After the syndicate is assembled, the issuer files a prospectus. The Securities Act of 1933 requires the prospectus to fully disclose all material information about the issuer, including a description of the issuer's business, the name and addresses of key company officers, the salaries and business histories of each officer, the ownership positions of each officer, the company's capitalization, an explanation of how it will use the proceeds from the offering, and descriptions of any legal proceedings the company is involved in.
With prospectus in hand, the underwriter then proceeds to market the securities. This usually involves a road show, which is a series of presentations made by the underwriter and the issuer's key executives to institutions (pension plans, mutual fund managers, etc.) across the country. The presentation gives potential buyers the chance to ask questions from the management team. If the buyers like the offering, they make a non-binding commitment to purchase, called a subscription. Because there may not be a firm offering price at the time, purchasers usually subscribe for a certain number of shares. This process lets the underwriter gauge the demand for the offering (called indications of interest) and determine whether the contemplated price is fair.
Determining the final offering price is one of the underwriter's most important responsibilities. First, the price determines the size of the capital proceeds. Second, an accurate price estimate makes it easier for the underwriter to sell the securities. Thus, the issuer and the underwriter work closely together to determine the price. Once an agreement is reached on price and the SEC has made the registration statement effective, the underwriter calls the subscribers to confirm their orders. If the demand is particularly high, the underwriter and issuer might raise the price and reconfirm this with all the subscribers.
Once the underwriter is sure it will sell all of the shares in the offering, it closes the offering. Then it purchases all the shares from the company (if the offering is a guaranteed offering), and the issuer receives the proceeds minus the underwriting fees. The underwriters then sell the shares to the subscribers at the offering price. If any subscribers have withdrawn their bids, then the underwriters simply sell the shares to someone else or own the shares themselves. It is important to note that the underwriters credit the shares into all subscriber accounts (and withdraw the cash) simultaneously so that no subscriber gets a head start.
Although the underwriter influences the initial price of the securities, once the subscribers begin selling, the free-market forces of supply and demand dictate the price. Underwriters usually maintain a secondary market in the securities they issue, which means they agree to purchase or sell securities out of their own inventories in order to keep the price of the securities from swinging wildly.
Why it Matters:
Underwriters bring a company's securities to market. In so doing, investors become more aware about the company. Issuers compensate underwriters by paying a spread, which is the difference between what the issuer receives per share and what the underwriter sells the shares for. For example, if Company XYZ shares had a public offering price of $10 per share, XYZ Company might only receive $9 per share if the underwriter takes a $1 per share fee. The $1 spread compensates the underwriter and syndicate for three things: negotiating and managing the offering, assuming the risk of buying the securities if nobody else will, and managing the sale of the shares. Making a market in the securities also generates commission revenue for underwriters.
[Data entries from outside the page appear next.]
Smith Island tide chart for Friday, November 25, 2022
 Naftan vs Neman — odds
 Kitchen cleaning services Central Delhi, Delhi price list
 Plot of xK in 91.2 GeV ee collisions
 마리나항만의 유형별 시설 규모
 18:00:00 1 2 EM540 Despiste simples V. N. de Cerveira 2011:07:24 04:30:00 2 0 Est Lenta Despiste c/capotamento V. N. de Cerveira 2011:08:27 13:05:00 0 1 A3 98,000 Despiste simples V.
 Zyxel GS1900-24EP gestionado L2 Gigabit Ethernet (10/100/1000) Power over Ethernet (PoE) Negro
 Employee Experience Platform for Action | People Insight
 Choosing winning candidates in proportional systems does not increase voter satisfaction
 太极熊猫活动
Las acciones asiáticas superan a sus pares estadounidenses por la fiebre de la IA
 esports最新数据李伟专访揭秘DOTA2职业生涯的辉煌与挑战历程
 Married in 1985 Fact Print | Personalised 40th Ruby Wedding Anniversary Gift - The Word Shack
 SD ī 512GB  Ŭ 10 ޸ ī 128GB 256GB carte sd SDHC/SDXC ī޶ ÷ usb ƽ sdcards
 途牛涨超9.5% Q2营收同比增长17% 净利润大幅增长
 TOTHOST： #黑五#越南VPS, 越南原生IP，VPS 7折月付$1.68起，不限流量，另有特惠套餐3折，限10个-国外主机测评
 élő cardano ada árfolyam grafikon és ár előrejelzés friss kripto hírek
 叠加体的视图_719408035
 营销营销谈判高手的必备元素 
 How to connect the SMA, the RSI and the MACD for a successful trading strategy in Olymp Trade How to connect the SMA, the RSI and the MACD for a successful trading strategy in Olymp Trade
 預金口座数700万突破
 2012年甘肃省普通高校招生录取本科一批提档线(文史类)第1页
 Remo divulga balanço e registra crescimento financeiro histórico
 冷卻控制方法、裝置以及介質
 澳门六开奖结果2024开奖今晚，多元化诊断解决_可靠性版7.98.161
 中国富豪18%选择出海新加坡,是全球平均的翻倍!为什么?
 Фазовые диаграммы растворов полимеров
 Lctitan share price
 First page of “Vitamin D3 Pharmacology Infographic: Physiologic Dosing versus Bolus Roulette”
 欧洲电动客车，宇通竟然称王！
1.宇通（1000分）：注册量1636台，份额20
As we mentioned earlier, underwriters take on considerable risk. Not only must they advise a client about matters large and small throughout the process, they relieve the issuer of the risk of trying to sell all the shares at the offer price. Underwriters often mitigate this risk by forming a syndicate whose members each share a portion of the shares in return for a portion of the fee.
Underwriters work hard to determine the "right" price for an offering, but sometimes they leave money on the table. For example, if Company XYZ prices its 10 million share IPO at $15 per share but the shares trade at $30 two days after the IPO, this suggests that the underwriter probably underestimated the demand for the issue. As a result, Company XYZ received $150 million (less underwriting fees) when it could have possibly fetched $300 million. Thus, the issuing company must also follow a robust due diligence process on their end in order to optimize their capital raising efforts.